オークスから5か月近く経つが、ここが秋初戦となる。奇しくもアーモンドアイと同じだったが、その過程はアーモンドアイとは違い、不安が残る。ラッキーライラックにとっては不安ばかりが募るレースとなりそうだ。
目次
不安要素① オークスからのぶっつけ本番
基本的な秋華賞のローテはローズステークスか紫苑ステークスのトライアル戦を走るかクイーンステークスなど古馬牝馬路線で胸を貸してもらうか、条件戦を戦うかの三択と言っていい。残念なことにオークスからの直行組を含めた前走GⅠ組は過去10年で10頭いながら1頭も3着以内に入っていない。ましてラッキーライラックは中間でトラブルがあり、トライアル戦を使えなかった。
アーモンドアイはジャパンカップなどを視野に入れたローテではないかと言われている。秋華賞よりもジャパンカップ、仕上がりが完璧でなくても大丈夫という判断かもしれない。ところが、ラッキーライラックにそんな展望はない。カワカミプリンセスもオークスからのぶっつけ本番だったが勝利した。状況がラッキーライラックとは違う。完璧な流れならまだしも一頓挫明けは気になる。
不安要素② 鞍上が落馬で乗り替わり
これまですべてのレースにおいて石橋脩騎手が手綱を握った。オークスの負けで外国人騎手への乗り替わりの可能性も出てきたが、秋華賞も石橋脩騎手で行くはずだった。しかし、先週の東京のレースで前の馬が落馬し、それに巻き込まれる形で石橋脩騎手も落馬し骨折、秋華賞に乗れなくなってしまった。いわゆる代打に指名されたのは北村友一騎手である。

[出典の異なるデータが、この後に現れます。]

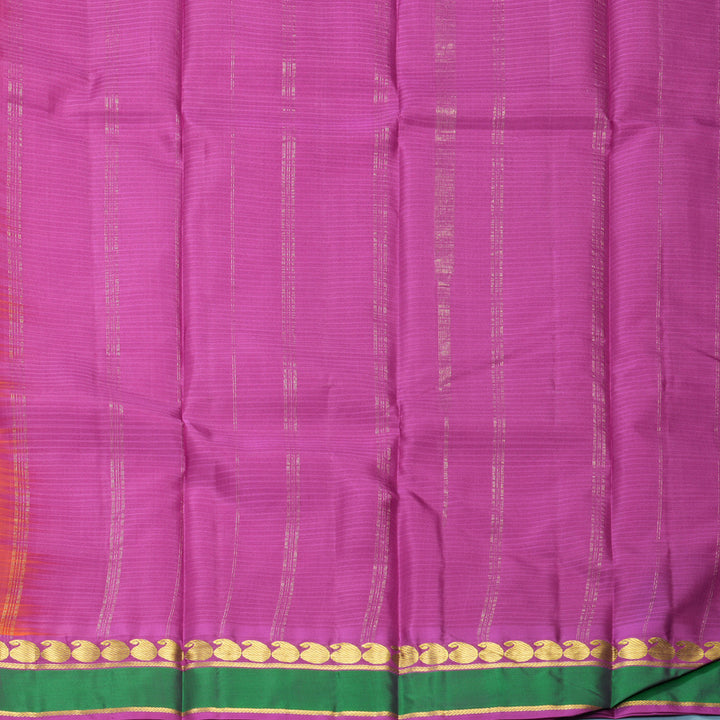 Hayagrivas Handloom Orangish-Pink Kanjivaram Silk Saree KBF912H1-9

北村友一騎手は全国リーディングが今週の時点で6位、既にキャリアハイに到達し、記録更新中となっている。コンスタントに40勝や50勝を挙げてきたが、ようやく次のステージへ上がったと言える。しかし、GⅠでこれまでに連対経験が1度もない。3着が2回あるだけとなっている。人気馬に乗って出ていないという見方も出来るが、突然の代打に対応可能か。真価が問われるのは言うまでもない。
不安要素③ 血統的な不安
ラッキーライラックの母はライラックスアンドレースというアメリカで走っていた馬で一応GⅠ勝利もしている。ただ、これがオールウェザーでの勝利であり、8.5ハロン、1700メートルでの勝利が目立つ。マイルから1800メートルが守備範囲ではないか。父オルフェーヴルの産駒は芝2000メートルまでの勝ち星が異様に目立つ。これは少し引っかかる部分だ。
もちろんエポカドーロのように皐月賞を勝つ馬はいるが、母の適性的に2000メートルはやや長く、父もそこまでスタミナを子供たちに受け継がせている感じではない。まだ2世代目ということもあるのか、下級条件で甘んじる馬が多い。だからこそローズステークスでどこまでやれるかを見たかった。2400メートルでも何とかやれたから大丈夫という見方はできる。ただ、どうにも血統的なところで疑問が残る。
まとめ
嫌な材料が揃いすぎた感はあるが、2番人気に支持される可能性が高い。調教は万全のようだったが、レース間隔が開いたことはマイナスでしかない。まして打倒アーモンドアイを掲げ、枠順次第ではしんどい思いをするかもしれない。アーモンドアイに一頓挫があってラッキーライラックが順調だったらまだ分からないが、状況はむしろ厳しい。
そもそもラッキーライラックは京都の内回りのようなコースは生まれて初めてだ。幅の広いコースで直線も長いところが多かった。これもまた不安材料と言える。ただ前でレースを進める馬なので、それはどうとでもなるか。いずれにしても、乗り越えるべき壁は厚く高い。